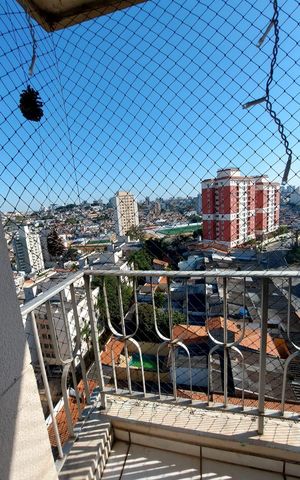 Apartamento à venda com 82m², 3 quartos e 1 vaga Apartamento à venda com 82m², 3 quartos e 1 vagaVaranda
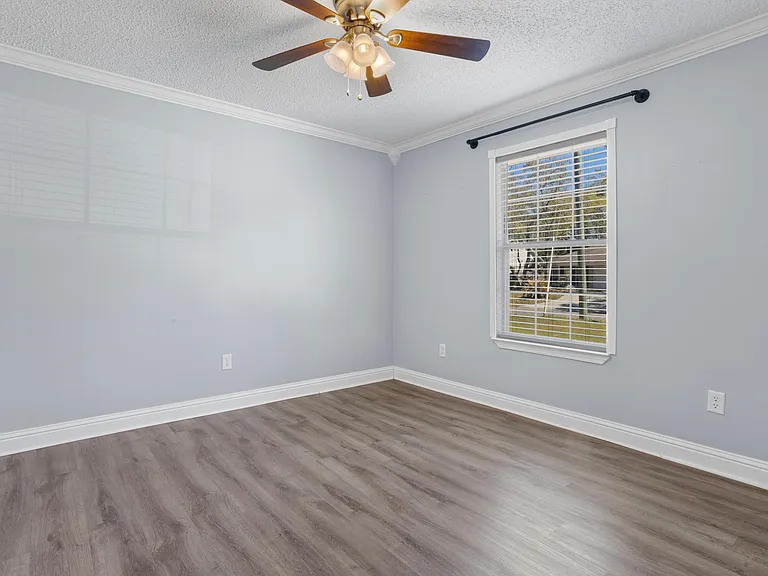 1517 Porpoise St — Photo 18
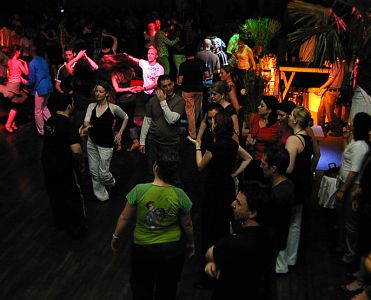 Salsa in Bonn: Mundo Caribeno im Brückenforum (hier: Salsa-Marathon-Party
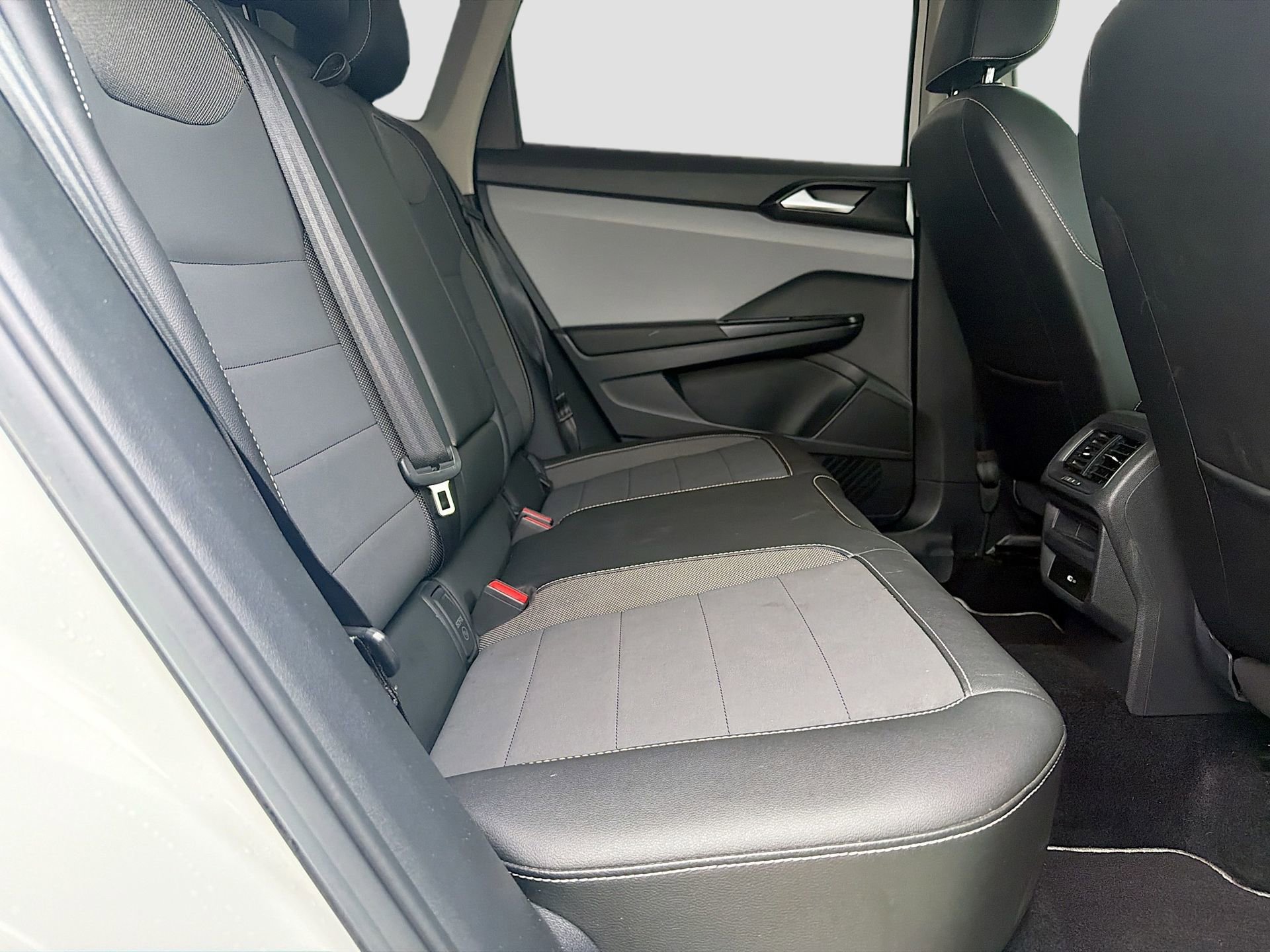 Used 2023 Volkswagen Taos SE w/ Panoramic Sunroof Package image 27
★ ★ ★ ★
Each line of the data is to be duplicated exactly; pictures stay out of the copy.

* **Worked solution**
 Apartamento à venda com 82m², 3 quartos e 1 vaga Apartamento à venda com 82m², 3 quartos e 1 vagaVaranda
 1517 Porpoise St — Photo 18
 Salsa in Bonn: Mundo Caribeno im Brückenforum (hier: Salsa-Marathon-Party
 Used 2023 Volkswagen Taos SE w/ Panoramic Sunroof Package image 27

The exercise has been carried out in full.